_Exercise description_. Lines that contain the string "dark" are the ones to list; copy all of them from the records.

[Stored data entries]
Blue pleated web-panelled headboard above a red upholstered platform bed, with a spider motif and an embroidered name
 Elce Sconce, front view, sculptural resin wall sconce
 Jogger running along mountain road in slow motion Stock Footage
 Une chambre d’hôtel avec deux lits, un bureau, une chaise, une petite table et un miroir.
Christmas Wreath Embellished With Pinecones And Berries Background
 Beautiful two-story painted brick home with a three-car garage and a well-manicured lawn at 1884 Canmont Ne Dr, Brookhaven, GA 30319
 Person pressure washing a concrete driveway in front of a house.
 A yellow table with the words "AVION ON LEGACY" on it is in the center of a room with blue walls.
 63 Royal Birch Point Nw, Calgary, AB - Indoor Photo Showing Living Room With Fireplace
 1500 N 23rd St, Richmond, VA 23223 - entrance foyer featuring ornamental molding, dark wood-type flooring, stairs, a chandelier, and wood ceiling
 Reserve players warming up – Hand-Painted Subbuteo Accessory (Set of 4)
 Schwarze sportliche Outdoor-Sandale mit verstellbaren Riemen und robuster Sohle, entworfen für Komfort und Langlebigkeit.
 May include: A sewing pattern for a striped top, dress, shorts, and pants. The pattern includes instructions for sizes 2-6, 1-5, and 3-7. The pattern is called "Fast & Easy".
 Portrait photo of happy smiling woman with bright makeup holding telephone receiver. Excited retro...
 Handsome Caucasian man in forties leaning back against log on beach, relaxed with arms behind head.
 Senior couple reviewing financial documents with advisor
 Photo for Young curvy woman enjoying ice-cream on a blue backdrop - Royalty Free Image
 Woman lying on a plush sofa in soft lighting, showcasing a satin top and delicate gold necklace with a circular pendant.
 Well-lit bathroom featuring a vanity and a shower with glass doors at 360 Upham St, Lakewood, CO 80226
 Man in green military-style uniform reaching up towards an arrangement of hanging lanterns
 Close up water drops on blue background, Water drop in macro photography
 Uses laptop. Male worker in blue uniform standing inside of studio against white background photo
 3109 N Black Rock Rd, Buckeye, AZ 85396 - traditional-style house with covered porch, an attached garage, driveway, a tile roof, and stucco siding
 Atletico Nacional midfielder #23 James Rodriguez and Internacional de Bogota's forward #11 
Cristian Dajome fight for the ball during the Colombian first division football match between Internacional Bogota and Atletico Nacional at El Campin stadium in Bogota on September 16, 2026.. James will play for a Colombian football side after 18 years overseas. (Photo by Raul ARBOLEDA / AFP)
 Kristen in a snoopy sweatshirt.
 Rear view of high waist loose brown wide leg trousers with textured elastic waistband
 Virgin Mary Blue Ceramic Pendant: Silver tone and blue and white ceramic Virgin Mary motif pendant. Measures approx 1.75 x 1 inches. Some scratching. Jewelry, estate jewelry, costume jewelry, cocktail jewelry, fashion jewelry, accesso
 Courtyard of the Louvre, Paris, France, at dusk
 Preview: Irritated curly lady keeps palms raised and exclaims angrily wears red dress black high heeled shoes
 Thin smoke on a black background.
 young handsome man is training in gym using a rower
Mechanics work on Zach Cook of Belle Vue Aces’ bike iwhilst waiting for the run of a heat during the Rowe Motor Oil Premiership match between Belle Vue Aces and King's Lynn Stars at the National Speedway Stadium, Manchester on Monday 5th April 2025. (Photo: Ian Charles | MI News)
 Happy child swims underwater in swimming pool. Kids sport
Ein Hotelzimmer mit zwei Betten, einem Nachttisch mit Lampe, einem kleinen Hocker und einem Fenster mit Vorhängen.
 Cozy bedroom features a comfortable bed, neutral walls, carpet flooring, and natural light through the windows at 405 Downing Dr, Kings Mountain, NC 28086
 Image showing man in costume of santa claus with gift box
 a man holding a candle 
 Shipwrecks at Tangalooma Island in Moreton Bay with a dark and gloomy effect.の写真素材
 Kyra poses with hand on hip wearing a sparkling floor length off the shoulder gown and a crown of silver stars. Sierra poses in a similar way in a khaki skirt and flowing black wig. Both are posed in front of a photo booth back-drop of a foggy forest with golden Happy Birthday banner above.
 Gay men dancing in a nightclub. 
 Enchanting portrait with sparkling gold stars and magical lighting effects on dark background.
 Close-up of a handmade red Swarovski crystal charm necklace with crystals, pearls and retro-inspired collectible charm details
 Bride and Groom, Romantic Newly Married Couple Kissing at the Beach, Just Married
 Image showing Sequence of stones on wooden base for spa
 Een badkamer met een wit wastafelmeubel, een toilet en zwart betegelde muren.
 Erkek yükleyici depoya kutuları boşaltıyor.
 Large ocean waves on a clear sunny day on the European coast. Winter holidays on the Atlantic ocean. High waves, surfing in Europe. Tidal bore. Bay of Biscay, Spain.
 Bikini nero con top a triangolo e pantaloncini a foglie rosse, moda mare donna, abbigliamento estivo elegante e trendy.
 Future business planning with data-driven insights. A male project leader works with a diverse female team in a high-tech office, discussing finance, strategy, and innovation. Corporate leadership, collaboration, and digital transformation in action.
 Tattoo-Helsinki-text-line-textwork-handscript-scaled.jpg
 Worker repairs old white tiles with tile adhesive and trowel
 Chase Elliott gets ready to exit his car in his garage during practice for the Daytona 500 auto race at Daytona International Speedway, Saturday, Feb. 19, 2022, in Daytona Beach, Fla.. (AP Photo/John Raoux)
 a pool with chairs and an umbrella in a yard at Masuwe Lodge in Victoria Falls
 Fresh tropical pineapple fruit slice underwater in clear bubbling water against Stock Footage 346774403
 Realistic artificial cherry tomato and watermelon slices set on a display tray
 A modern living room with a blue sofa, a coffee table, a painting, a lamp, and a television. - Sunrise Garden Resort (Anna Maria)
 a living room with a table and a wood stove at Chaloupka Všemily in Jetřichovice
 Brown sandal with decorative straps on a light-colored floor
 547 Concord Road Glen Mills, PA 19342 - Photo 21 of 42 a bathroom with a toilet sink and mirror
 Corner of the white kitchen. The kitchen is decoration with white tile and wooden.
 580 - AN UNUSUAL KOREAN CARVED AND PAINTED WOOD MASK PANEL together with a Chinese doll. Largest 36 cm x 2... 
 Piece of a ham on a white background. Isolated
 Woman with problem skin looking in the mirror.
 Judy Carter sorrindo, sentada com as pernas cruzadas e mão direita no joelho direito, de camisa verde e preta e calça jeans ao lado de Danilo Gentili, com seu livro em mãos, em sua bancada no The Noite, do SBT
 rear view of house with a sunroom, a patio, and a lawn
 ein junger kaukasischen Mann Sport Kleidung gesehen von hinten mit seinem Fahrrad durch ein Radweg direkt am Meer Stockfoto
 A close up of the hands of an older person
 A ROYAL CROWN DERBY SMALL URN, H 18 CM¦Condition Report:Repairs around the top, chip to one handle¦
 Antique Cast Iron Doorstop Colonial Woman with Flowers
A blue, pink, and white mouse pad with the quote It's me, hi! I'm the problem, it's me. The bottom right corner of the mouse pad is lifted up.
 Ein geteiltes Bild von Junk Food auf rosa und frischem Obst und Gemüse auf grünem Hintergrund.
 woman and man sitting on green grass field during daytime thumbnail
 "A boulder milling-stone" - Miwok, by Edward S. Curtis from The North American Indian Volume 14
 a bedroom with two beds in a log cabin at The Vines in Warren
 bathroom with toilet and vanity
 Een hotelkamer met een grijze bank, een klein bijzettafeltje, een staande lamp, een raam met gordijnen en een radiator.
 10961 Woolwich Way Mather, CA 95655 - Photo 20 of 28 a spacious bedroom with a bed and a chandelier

_Answer to this exercise_.
 1500 N 23rd St, Richmond, VA 23223 - entrance foyer featuring ornamental molding, dark wood-type flooring, stairs, a chandelier, and wood ceiling
 Shipwrecks at Tangalooma Island in Moreton Bay with a dark and gloomy effect.の写真素材
 Enchanting portrait with sparkling gold stars and magical lighting effects on dark background.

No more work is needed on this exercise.